# [Action item]
Would you print only the lines running from the one with "1-120 Number Chart" to the final line of the data below, word for word and without pictures?

# [Information provided]
━━━━━━━━━━━━━━━━

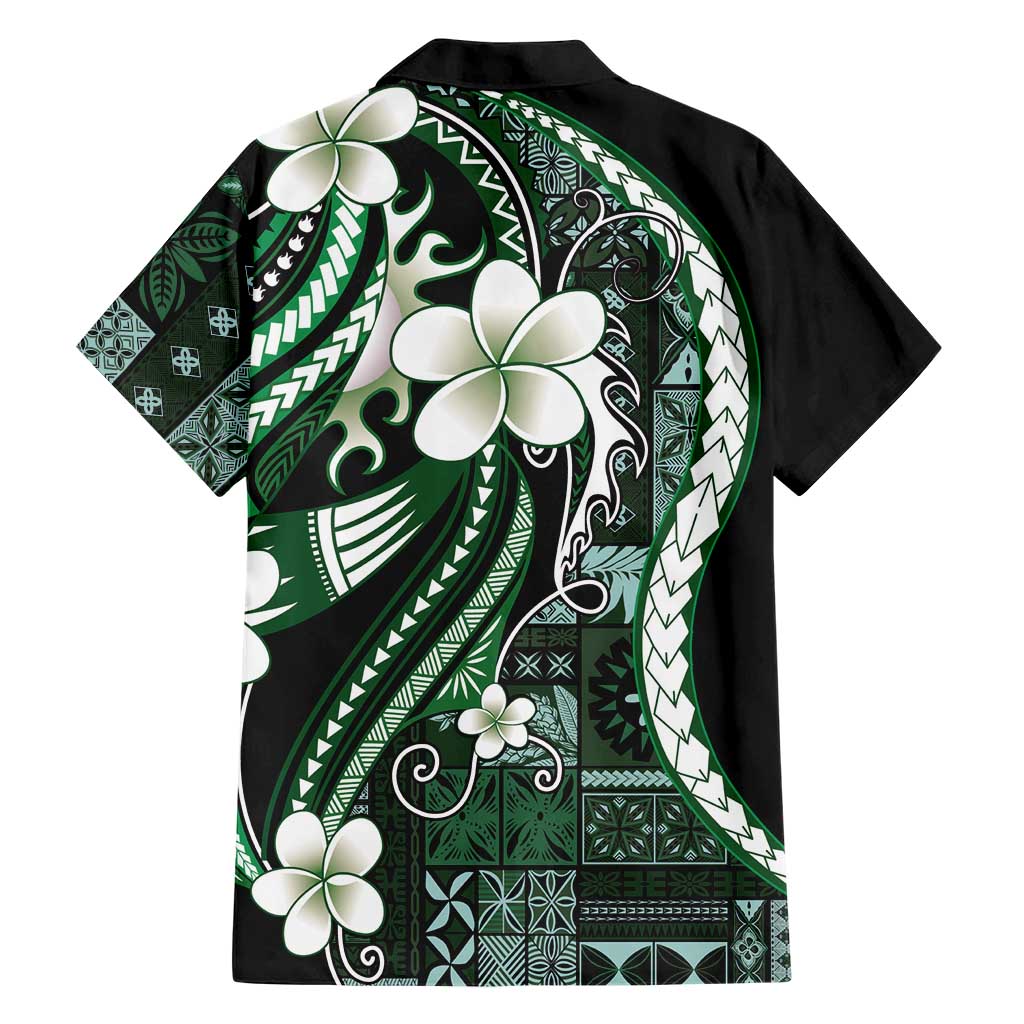 Samoa Siapo Tribal Pattern Family Matching Off Shoulder Maxi Dress and Hawaiian Shirt Forest Green Polynesian Plumeria Tapa Motif LT9 - Polynesian Pride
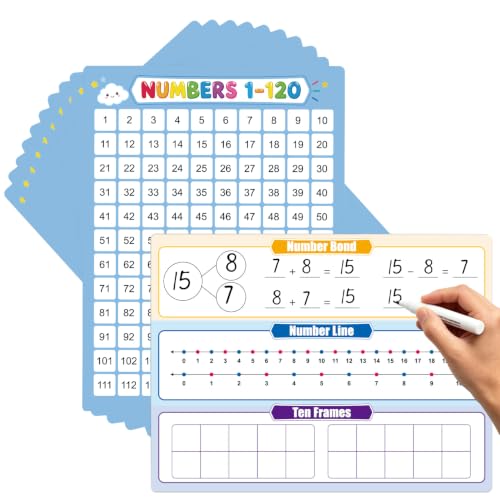 1-120 Number Chart Dry Erase Flash Cards, 10 Pcs Double Sided Addition Subtraction Regrouping Math Manipulatives, Base Ten Whiteboard Math Games for Teacher Tool 1st 2nd 3rd Grade Classroom Must Haves
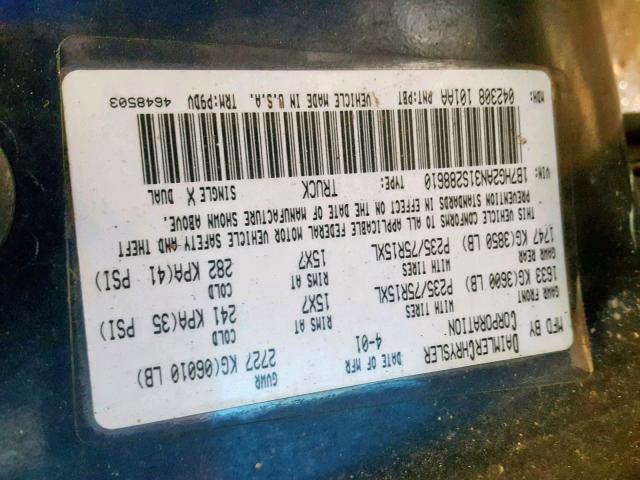 1B7HG2AN31S288610 - 2001 DODGE DAKOTA QUA BLUE photo 10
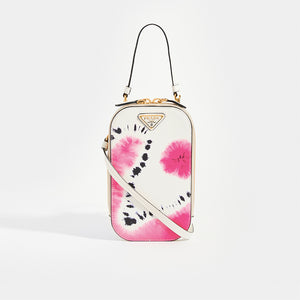 PRADA White Tie-Dye Mini Bag with pink, black and white detail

━━━━━━━━━━━━━━━━

# [Solution to the problem]
 1-120 Number Chart Dry Erase Flash Cards, 10 Pcs Double Sided Addition Subtraction Regrouping Math Manipulatives, Base Ten Whiteboard Math Games for Teacher Tool 1st 2nd 3rd Grade Classroom Must Haves
 1B7HG2AN31S288610 - 2001 DODGE DAKOTA QUA BLUE photo 10
 PRADA White Tie-Dye Mini Bag with pink, black and white detail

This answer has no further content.